Further afield 32 kilometers is Banteay Srei, considered by many as the crown jewel in Angkorian art and heritage. Albeit not as humongous as its counterparts, the interiors of the temple display some of the most impressive intricate carvings in the whole of Cambodia. Other noteworthy sights in Siem Reap are the Terrace of Elephants and the Terrace of the Leper King, both within the Angkor complex.
Another UNESCO World Heritage Site is Preah Vihear, a gorgeous temple that frantically rests on a bluff in the Dangrek mountain range 200 kilometers (124 miles) from Siem Reap. Though not a part of the Angkor complex of temples, Preah Vihear is well worth the bumpy dusty ride from the city. Those coming in from Thailand could actually ride in style, sort of, on flashy air-conditioned buses. The beauty of this temple is not without conflict as both Cambodia and Thailand claim ownership up to this day, with the International Court of Justice settling control in favor of Cambodia. Clashes between the military of both countries happen sporadically which sours their relations.
Getting around dozens of temples require bottomless energy and stamina in the sweltering tropical heat, so it’s either you select the temples that draw more interest or you stay for a few more on top of the usual three-day suggested length of stay in Siem Reap. Unless hiking is your thing, it is virtually impossible to saunter around Angkor, but it is quite possible to wander around by yourself without a tour guide. However, guides are recommended for a swifter review of the temples, and sometimes your moto driver could serve as your guide. Most hotels and travel agents have English-speaking guides that ask $20-25 per day.
Your transportation options around Angkor could involve moto romauk (tandem motorcycle) for $10-13, motodup (motorcycle taxi) for $6-9 and air-conditioned car taxis for $20-25, each priced on a daily basis. If you are a lone traveler, bicycles are recommended for $1.5-4 per day. For a spending spree helicopter rides for $90 per passenger can give you an eight-minute glimpse of the whole complex. Balloon rides, on the other hand, have become a common means of sightseeing above the Angkor landscape for those with extra cash. Ride in style 200 meters in the air on cute yellow helium balloons.
Contrary to popular practice, a one-day visit of the temples around Angkor is enough to witness all the significant temples. However, three days is recommended for a leisurely exploration while seven days are perfect for those who are into archaeological stuff.
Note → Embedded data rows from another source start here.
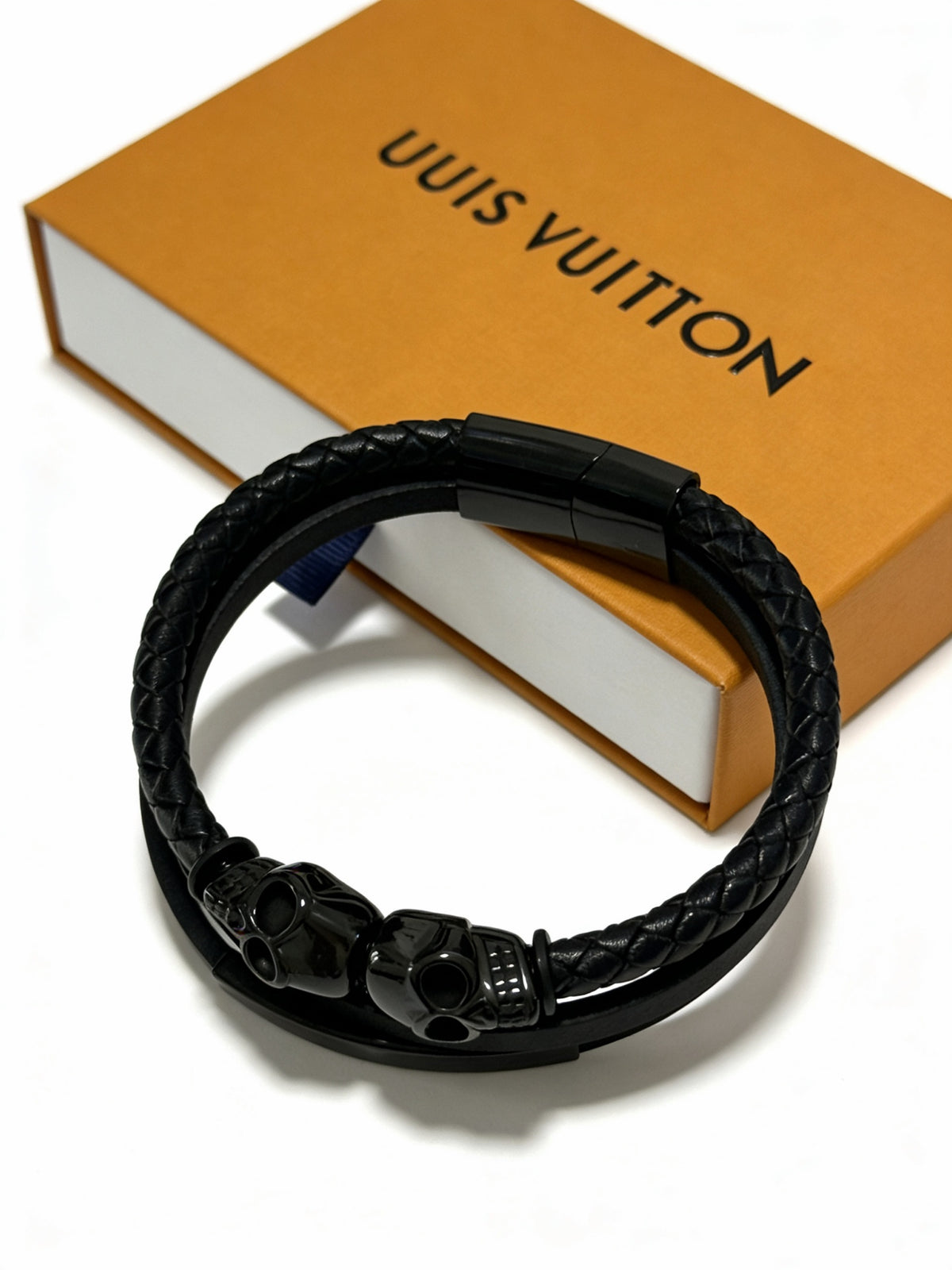 blue genuine leather chain Bracelet for men - alternate angle view 3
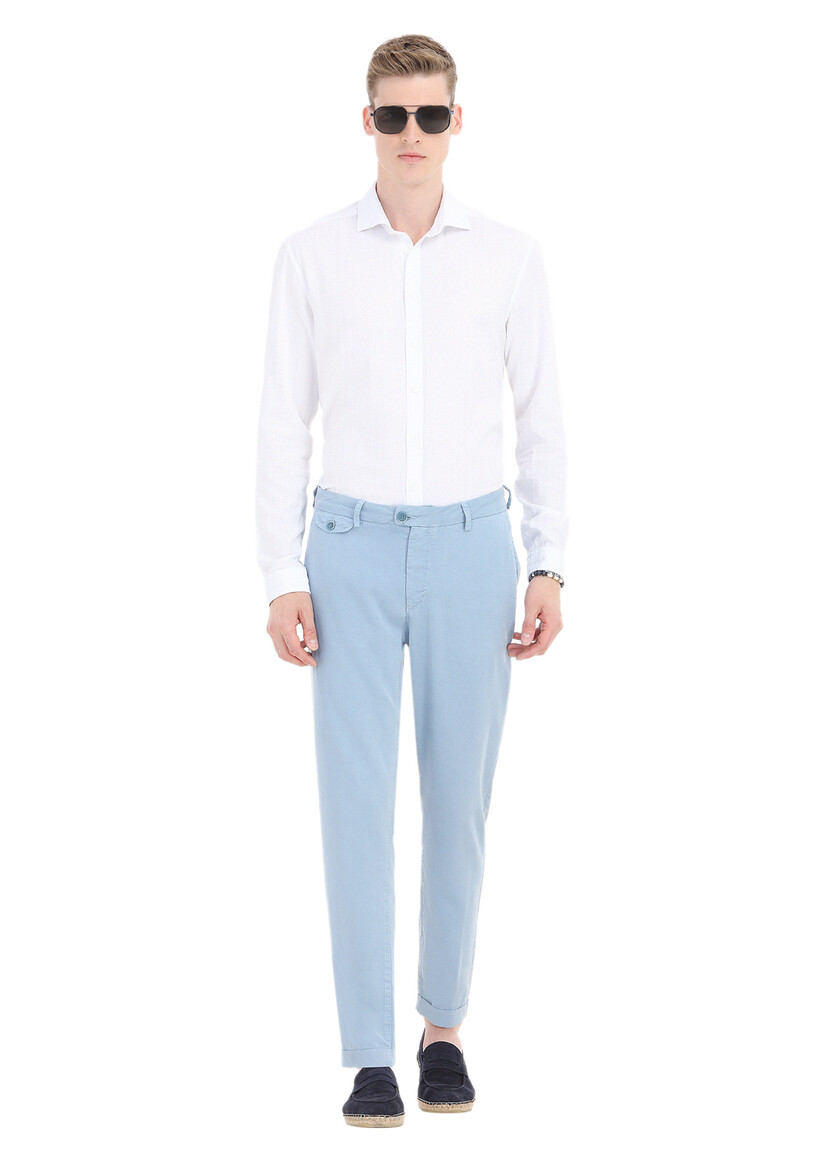 Blue Weaving Regular Fit Casual Trousers 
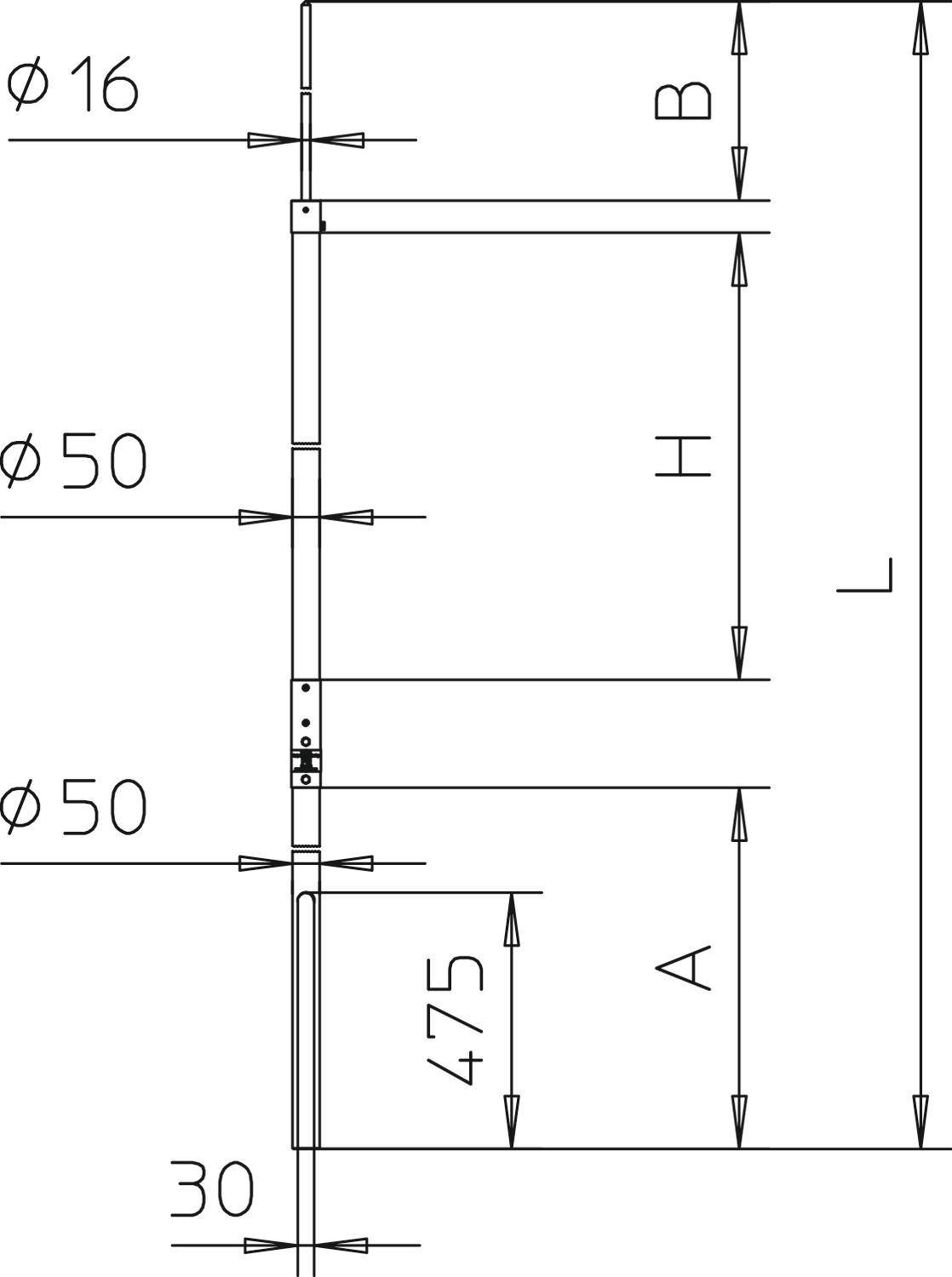 Rysunek techniczny planu. Przedstawia wymiary: średnica 16, 50, wysokości B, H, L oraz A wynoszące 475. Używa strzałek do prezentacji.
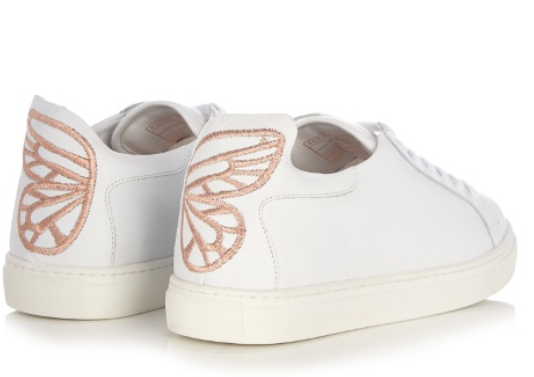 Sophia Webster rose gold butterfly Bibi low top leather trainers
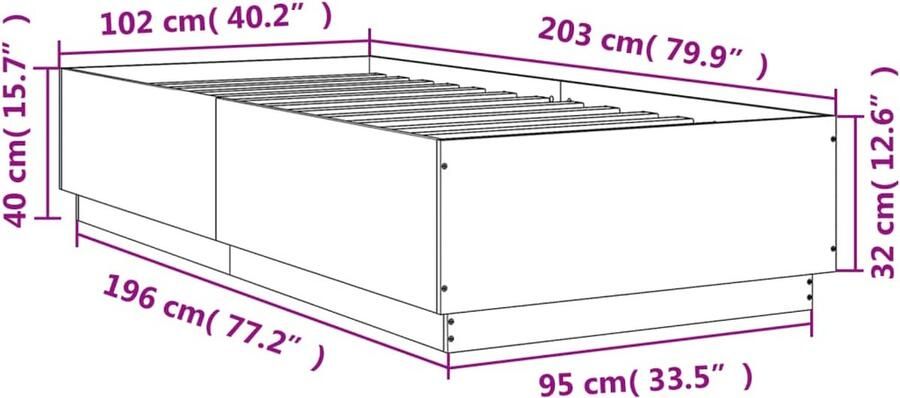 VidaXL -Bedframe-bewerkt-hout-wit-100x200-cm - Foto 2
One-day ($20), three-day ($40) and seven-day ($60) tickets to the complex called Angkor Pass can be availed with one passport-sized photo, or a photo capture at the main entrance, though the latter could be time-consuming for you. The three-day pass is valid for a week while the seven-day ticket is valid for a month, not specifically on a consecutive basis. Park hours are 5AM-6PM, with some temples closing up to three hours earlier. Always carry your pass with you as they are checked at every entry temple gates.
All the Angkor wonders might give you a temple burnout, so a boat trip to the neighboring Tonle Sap to mingle with the locals who live on floating houses in the Chhong Kneas and Kampong Phluk communities, lunch at the Banteay Srey Butterfly Centre, and perhaps a cooking class in town are requisite activities.
Despite relentless construction sites dotting all over the city, quaint French architecture still dominate some parts of town. The Old Market area is a prime example of old Siem Reap where you can wander from restaurants to bars and haggle for prices of souvenirs such as Cambodian silks and clothing as well as Kampot pepper, herbal soaps and organic Cambodian products.